> What you have to do
Reproduce the listing below in full and without alteration, apart from its pictures.

> Dataset content

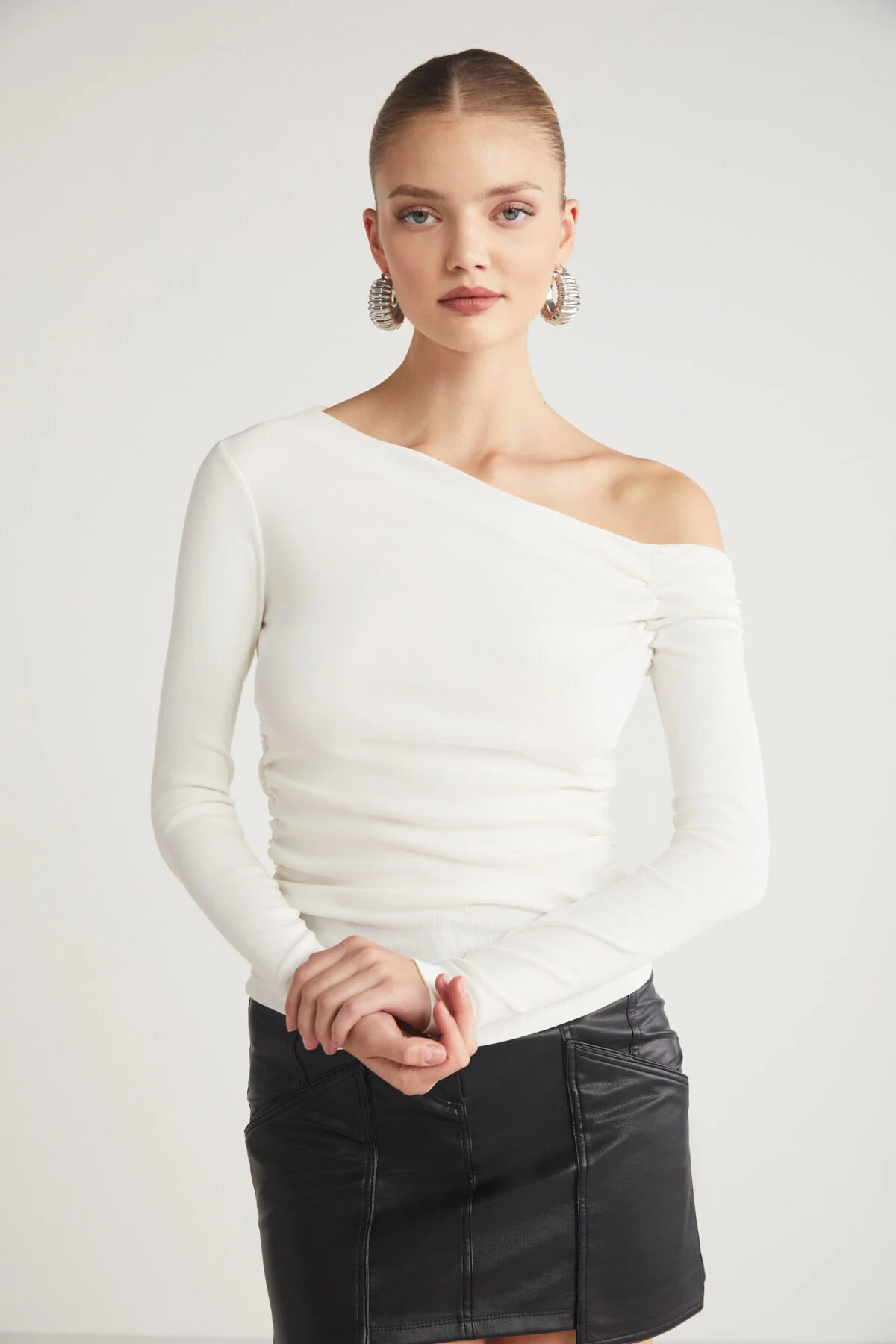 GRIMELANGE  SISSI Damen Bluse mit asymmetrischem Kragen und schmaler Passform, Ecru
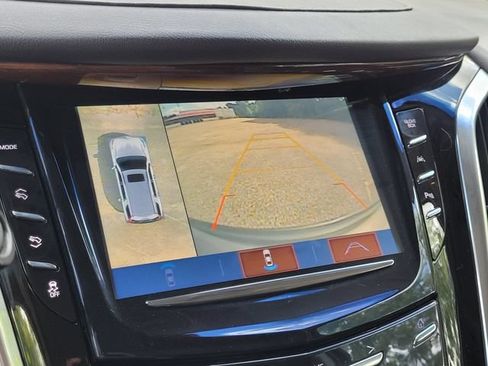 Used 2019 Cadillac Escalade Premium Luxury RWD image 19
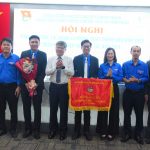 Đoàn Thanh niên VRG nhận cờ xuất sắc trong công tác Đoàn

> Response
 GRIMELANGE  SISSI Damen Bluse mit asymmetrischem Kragen und schmaler Passform, Ecru
 Used 2019 Cadillac Escalade Premium Luxury RWD image 19
 Đoàn Thanh niên VRG nhận cờ xuất sắc trong công tác Đoàn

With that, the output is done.